WORK INSTRUCTION> Beneath this line are the data; copy exactly the part of them that opens with the line containing "Kaiser Sputnik chandelier, molecular" and closes with the line containing "Justin Womens Leather", and only that part.

RECORDED DATA>

########################################

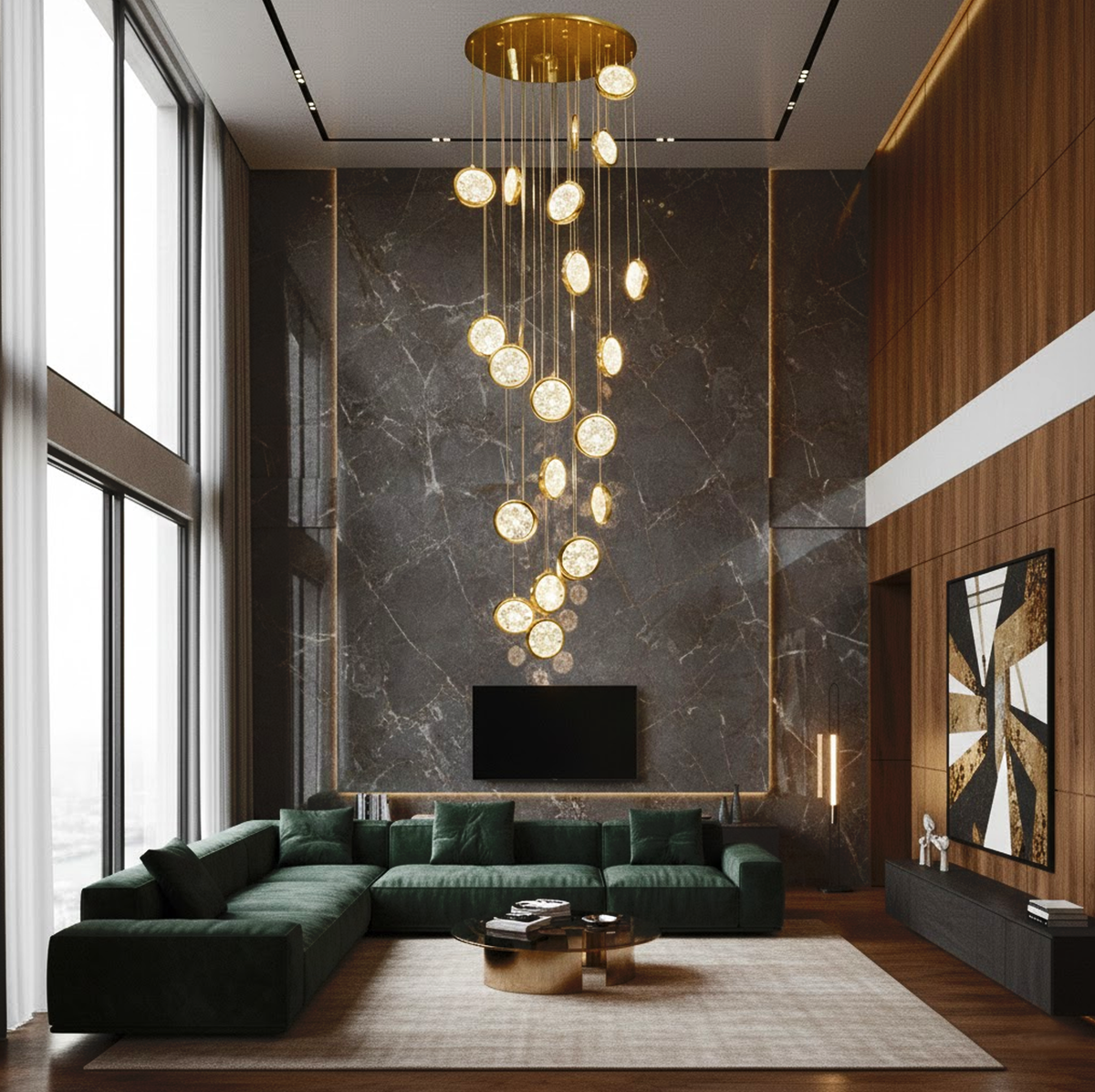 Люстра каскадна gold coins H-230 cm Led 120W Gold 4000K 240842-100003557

########################################

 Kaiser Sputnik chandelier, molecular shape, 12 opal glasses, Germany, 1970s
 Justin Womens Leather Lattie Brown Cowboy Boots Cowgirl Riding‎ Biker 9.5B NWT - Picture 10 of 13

########################################

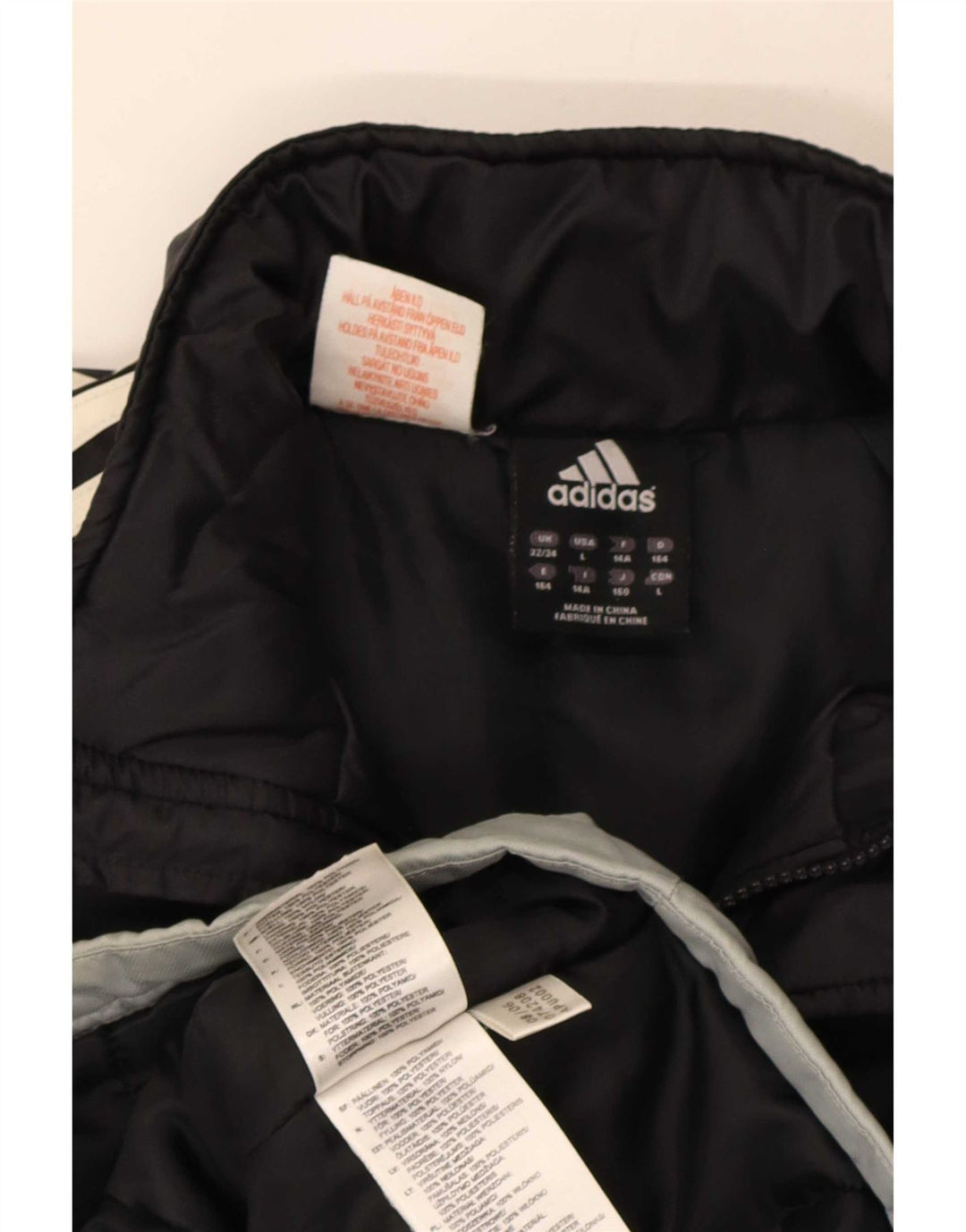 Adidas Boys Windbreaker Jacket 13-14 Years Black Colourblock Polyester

########################################

ANSWER SECTION>
 Kaiser Sputnik chandelier, molecular shape, 12 opal glasses, Germany, 1970s
 Justin Womens Leather Lattie Brown Cowboy Boots Cowgirl Riding‎ Biker 9.5B NWT - Picture 10 of 13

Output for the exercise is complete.